Use the package manager pip to install dependencies.
You will also need to download nltk modules. The script nltkdownload.py
will automatically download all the nltk packages you need.
The command below will install all dependencies in requirements.txt and install the modules from nltk
For MacOS:
python3 -m pip install -r requirements.txt && python3 nltkdownload.py
If there are issues installing lxml
on MacOS the issue may be that xcode command tools is not installed. xcode command tools can be installed with the following command:
xcode-select --install
When executed with no further arguments, the program will generate one batch of documents with randomized pages from Wikipedia.

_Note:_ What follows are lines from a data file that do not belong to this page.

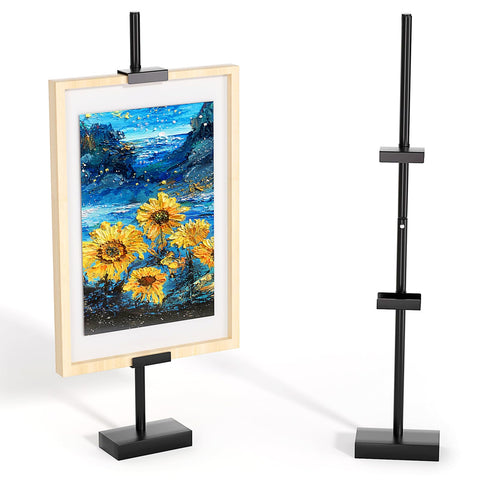 Cathyeen front view of black easel showing sleek modern profile and stability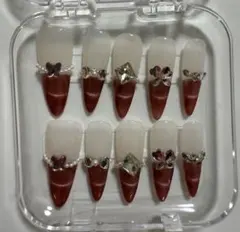 ホワイト、ダークピンクのラインストーン飾りシリーズ Mサイズ現品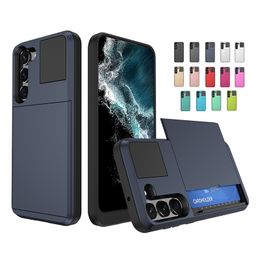 Schuifkaart slot portemonnee cases hybride tpu pc schokbestendige dual layer back cover voor iPhone 14 13 12 11 pro xr xs max 8 samsung s23 ultra s22 plus s21 s20 fe noot 10 20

usage: generate_documents.py [-h] [-t TITLE] [-n NUMBER] [-b BATCH]
[-c CLASS_NAMES] [-s SENTENCES]
optional arguments:
-h, --help show this help message and exit
-t TITLE, --title TITLE
The wikipedia page title to use for generating
documents (default: None)
-n NUMBER, --number NUMBER
The number of documents to generate in a batch
(default: 10)
-b BATCH, --batch BATCH
The number of batches to generate (default: 1)
-c CLASS_NAMES, --class_names CLASS_NAMES
The class names to use for generating documents.
You should parenthesize the class name if it contains white spaces.
(default: ['CS 1', 'CS 2', 'CS 3', 'CS 4', 'CS 5', 'CS
6', 'CS 7', 'CS 8', 'CS 9', 'CS 10'])
-s SENTENCES, --sentences SENTENCES
The number of sentences to use for each chunk
(default: 25)
Pull requests are welcome. For major changes, please open an issue first to discuss what you would like to change.
Please make sure to update tests as appropriate.